Abstract

Rosario Castellanos published three works of fiction set in Chiapas, Mexico: Balún Canán (1957), Ciudad Real (1960), and Oficio de tinieblas (1962). This article contends that each exhibits affective mapping, a term coined by Jonathan Flatley to describe the application of affect, emotion, and feeling to a space or time to confront a problem. In Castellanos' own words, the problem is the misery with which she perceives Chiapas to be imbued, especially in Maya Tzotzil and Tzeltal communities.

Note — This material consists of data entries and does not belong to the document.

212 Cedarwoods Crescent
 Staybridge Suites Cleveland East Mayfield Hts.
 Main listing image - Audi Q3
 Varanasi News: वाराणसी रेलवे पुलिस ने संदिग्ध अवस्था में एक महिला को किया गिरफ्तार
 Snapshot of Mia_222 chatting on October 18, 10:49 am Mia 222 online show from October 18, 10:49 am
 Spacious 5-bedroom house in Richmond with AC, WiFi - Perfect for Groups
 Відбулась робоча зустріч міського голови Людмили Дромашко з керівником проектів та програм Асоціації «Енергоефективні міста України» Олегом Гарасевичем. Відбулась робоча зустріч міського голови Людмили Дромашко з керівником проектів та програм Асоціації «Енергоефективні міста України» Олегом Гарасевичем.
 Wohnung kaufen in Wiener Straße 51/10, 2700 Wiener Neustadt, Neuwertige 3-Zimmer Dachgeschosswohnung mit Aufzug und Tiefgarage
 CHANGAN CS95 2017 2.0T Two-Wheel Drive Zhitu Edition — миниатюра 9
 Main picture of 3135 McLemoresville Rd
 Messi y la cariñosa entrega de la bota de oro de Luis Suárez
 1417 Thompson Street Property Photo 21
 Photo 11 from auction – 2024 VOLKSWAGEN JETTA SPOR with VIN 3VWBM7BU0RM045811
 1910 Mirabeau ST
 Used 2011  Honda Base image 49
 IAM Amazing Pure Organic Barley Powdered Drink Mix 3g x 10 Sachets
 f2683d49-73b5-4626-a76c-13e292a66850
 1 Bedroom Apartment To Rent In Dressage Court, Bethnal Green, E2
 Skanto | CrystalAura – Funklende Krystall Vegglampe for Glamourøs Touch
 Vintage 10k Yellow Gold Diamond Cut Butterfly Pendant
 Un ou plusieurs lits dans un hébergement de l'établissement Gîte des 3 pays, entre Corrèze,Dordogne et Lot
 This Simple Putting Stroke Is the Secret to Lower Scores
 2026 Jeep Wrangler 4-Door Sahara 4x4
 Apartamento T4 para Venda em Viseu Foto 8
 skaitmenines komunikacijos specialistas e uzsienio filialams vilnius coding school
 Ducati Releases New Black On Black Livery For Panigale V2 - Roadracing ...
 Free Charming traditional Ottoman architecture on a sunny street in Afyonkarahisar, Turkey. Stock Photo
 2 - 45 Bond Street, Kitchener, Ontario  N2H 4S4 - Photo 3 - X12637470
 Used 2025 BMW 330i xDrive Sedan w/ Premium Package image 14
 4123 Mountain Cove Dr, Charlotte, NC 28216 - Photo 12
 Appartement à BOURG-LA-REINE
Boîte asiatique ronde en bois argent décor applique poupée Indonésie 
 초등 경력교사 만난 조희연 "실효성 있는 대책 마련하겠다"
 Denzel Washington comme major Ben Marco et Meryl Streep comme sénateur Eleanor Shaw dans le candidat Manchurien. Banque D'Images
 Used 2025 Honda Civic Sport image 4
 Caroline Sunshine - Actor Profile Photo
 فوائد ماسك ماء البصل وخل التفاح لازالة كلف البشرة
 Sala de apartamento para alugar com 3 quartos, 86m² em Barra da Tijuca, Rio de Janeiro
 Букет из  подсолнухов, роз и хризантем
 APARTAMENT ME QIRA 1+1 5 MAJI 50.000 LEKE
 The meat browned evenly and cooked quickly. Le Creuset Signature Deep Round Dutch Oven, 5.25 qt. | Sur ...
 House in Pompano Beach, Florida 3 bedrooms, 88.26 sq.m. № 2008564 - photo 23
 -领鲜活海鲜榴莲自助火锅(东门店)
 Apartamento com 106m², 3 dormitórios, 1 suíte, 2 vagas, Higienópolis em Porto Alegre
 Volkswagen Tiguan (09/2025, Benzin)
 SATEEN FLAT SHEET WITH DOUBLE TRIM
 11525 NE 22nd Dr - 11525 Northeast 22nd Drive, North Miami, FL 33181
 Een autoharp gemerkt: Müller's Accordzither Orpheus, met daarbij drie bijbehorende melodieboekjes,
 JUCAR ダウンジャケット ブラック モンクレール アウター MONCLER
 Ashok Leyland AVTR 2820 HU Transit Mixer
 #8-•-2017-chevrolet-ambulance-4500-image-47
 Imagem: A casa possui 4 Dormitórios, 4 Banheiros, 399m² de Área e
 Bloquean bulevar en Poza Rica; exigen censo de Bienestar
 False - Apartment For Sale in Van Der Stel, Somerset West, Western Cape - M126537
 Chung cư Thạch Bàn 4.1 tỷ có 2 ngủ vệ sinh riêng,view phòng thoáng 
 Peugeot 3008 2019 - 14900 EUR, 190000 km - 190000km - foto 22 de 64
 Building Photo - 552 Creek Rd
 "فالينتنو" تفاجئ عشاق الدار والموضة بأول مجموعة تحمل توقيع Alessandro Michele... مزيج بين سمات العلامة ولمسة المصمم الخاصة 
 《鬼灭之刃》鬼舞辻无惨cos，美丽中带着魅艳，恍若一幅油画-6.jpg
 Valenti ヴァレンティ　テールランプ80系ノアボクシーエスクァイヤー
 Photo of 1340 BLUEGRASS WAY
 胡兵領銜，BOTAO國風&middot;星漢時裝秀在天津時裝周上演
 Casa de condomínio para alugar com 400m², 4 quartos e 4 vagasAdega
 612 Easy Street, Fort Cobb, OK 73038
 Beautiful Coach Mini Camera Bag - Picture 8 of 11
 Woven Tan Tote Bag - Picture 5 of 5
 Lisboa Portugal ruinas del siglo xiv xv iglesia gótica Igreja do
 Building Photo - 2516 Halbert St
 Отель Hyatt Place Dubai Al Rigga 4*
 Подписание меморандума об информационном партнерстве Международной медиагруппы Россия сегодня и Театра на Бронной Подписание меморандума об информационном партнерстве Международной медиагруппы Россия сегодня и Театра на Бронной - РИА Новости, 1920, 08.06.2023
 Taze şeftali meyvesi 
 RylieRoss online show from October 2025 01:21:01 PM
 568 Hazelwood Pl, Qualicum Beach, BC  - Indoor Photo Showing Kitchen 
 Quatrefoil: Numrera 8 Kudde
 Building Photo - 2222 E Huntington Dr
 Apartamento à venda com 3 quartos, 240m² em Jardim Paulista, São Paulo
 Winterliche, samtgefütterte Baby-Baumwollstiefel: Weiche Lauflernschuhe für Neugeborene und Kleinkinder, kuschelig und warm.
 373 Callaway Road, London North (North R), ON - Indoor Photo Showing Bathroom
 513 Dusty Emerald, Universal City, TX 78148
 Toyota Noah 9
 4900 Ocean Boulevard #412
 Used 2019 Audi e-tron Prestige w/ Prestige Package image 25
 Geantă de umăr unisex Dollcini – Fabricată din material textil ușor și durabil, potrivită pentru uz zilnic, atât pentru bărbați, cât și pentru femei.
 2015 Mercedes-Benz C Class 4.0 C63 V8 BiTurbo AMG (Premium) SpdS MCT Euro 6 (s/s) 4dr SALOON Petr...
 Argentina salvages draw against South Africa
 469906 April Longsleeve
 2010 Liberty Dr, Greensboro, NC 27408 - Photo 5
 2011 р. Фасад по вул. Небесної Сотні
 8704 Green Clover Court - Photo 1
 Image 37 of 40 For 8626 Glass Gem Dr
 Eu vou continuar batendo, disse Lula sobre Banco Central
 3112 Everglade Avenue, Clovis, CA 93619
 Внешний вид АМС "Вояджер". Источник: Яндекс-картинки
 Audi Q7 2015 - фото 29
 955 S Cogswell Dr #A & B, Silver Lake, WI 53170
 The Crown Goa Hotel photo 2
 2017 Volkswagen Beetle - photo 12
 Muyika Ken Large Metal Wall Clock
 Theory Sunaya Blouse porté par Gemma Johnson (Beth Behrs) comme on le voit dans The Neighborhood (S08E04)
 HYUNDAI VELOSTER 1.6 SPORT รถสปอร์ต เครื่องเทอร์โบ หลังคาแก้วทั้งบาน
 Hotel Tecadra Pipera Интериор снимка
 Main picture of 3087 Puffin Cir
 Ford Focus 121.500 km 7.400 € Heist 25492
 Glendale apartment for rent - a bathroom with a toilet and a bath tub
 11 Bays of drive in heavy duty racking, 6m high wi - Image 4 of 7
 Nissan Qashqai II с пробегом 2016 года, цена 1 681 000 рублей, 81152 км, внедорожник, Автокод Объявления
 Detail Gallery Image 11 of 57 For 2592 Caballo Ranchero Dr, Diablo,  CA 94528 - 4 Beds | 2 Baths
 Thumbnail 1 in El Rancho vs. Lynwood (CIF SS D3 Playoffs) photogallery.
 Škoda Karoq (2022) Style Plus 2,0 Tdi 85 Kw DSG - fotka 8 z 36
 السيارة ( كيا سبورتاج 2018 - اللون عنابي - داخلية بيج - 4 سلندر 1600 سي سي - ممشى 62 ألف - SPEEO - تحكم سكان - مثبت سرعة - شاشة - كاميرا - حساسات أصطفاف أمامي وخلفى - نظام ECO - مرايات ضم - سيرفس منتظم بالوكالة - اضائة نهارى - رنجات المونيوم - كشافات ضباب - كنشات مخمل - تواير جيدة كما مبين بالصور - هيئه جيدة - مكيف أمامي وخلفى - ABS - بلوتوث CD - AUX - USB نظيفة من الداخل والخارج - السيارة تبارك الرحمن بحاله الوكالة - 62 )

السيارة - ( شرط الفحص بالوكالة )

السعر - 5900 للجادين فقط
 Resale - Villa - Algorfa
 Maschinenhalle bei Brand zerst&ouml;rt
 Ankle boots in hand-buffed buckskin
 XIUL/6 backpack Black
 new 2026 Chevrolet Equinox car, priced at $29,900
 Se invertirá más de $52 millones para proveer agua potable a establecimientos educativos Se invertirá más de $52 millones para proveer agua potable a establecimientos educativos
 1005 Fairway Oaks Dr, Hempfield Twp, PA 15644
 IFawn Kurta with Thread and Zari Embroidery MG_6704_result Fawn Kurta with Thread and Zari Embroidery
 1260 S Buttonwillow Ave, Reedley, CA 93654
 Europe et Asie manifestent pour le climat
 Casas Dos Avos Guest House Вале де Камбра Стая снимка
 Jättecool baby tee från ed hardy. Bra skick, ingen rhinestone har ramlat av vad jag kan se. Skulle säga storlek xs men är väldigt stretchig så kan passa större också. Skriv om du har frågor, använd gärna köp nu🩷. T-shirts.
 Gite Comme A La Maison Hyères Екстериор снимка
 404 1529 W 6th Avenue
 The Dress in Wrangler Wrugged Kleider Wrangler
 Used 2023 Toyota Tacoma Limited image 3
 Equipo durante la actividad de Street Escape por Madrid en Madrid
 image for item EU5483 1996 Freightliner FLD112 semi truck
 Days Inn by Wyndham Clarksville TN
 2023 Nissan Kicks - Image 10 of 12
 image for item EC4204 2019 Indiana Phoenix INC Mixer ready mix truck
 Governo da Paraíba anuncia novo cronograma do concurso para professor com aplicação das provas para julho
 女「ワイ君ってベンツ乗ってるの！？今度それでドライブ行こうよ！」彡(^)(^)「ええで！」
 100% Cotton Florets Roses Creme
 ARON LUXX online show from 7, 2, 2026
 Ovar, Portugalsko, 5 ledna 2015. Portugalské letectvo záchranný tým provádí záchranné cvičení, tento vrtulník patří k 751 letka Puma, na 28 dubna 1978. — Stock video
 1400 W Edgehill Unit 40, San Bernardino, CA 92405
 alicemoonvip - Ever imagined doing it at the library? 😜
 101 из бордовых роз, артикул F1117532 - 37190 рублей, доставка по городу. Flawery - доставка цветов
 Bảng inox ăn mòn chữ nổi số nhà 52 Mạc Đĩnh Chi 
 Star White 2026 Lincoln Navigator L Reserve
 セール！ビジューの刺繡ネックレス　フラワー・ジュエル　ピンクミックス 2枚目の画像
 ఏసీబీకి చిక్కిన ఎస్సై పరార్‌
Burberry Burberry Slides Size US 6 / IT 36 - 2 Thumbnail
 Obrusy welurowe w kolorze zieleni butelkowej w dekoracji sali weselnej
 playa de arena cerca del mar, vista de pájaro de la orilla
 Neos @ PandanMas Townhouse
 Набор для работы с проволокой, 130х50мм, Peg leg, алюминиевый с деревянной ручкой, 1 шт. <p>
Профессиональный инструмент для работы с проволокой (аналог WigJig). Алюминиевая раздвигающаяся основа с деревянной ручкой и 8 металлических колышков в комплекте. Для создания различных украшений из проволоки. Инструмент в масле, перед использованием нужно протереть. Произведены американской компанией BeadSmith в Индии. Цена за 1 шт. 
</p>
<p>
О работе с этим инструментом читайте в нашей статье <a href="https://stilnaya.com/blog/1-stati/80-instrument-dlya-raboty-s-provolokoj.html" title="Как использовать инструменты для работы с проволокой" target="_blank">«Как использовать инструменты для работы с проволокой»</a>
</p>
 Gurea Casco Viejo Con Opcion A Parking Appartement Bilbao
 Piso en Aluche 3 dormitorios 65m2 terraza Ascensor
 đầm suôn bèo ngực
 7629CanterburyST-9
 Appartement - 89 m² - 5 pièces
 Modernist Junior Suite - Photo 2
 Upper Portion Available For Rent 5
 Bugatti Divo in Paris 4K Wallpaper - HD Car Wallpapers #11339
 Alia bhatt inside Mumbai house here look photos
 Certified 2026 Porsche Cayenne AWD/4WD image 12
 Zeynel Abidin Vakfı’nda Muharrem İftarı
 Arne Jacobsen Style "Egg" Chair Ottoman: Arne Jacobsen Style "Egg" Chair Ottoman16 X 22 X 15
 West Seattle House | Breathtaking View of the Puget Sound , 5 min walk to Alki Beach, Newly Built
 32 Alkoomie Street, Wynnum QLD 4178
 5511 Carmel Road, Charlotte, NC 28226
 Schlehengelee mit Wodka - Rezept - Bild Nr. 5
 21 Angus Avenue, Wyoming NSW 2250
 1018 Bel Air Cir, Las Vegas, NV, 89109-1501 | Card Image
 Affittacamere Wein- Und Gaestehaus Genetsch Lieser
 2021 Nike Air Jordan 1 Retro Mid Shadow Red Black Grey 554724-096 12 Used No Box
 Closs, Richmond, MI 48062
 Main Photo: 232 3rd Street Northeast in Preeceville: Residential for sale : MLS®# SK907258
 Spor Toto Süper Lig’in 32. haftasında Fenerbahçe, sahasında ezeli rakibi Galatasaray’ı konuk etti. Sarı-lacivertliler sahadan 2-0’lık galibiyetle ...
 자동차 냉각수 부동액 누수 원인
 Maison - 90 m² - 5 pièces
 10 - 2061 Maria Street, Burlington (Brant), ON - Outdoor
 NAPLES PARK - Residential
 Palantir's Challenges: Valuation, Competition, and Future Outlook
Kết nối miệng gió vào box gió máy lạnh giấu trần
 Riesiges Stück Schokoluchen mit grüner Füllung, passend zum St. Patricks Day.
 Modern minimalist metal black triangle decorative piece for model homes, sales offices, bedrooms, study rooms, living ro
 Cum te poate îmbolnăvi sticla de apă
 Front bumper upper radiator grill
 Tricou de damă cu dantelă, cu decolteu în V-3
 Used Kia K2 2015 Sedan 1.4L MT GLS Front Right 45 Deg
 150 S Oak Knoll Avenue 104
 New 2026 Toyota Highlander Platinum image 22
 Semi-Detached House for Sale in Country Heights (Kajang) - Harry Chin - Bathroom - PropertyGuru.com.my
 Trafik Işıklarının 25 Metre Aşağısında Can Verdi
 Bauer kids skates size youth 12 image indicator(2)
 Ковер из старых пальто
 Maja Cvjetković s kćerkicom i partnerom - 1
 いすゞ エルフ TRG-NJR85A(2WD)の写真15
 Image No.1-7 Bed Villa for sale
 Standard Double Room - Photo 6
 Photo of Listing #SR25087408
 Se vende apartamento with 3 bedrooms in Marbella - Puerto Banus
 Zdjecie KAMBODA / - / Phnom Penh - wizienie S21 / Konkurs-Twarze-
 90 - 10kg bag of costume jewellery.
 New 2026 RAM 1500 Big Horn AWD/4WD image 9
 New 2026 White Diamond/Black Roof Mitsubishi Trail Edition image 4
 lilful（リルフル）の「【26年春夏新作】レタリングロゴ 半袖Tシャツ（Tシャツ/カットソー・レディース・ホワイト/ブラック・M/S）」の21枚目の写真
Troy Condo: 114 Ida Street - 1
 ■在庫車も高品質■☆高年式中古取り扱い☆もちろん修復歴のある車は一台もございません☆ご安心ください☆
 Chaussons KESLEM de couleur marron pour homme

From the mid 1960s nearly until her death, Castellanos voiced dismay in epistolary, essays, and op-eds at the inability of Official Indigenismo—Mexican state policy designed to improve the conditions for Indigenous peoples—to resolve this misery. Crafting complexly emotional fictional characters and dialogues allowed Castellanos to map affect and trace the misery which so troubled her back to prevailing systems of social inequality in a Chiapas dominated by ladinos—the state's wealthy non-Indigenous landowners. It is ladino affects;—anger, rage, fear, and anxiety—which Castellanos' fiction cites as the point of origin for the Chiapas status quo. This article argues for an affect studies approach to Castellanos' works as a productive means of both broadening and deepening readings of her corpus.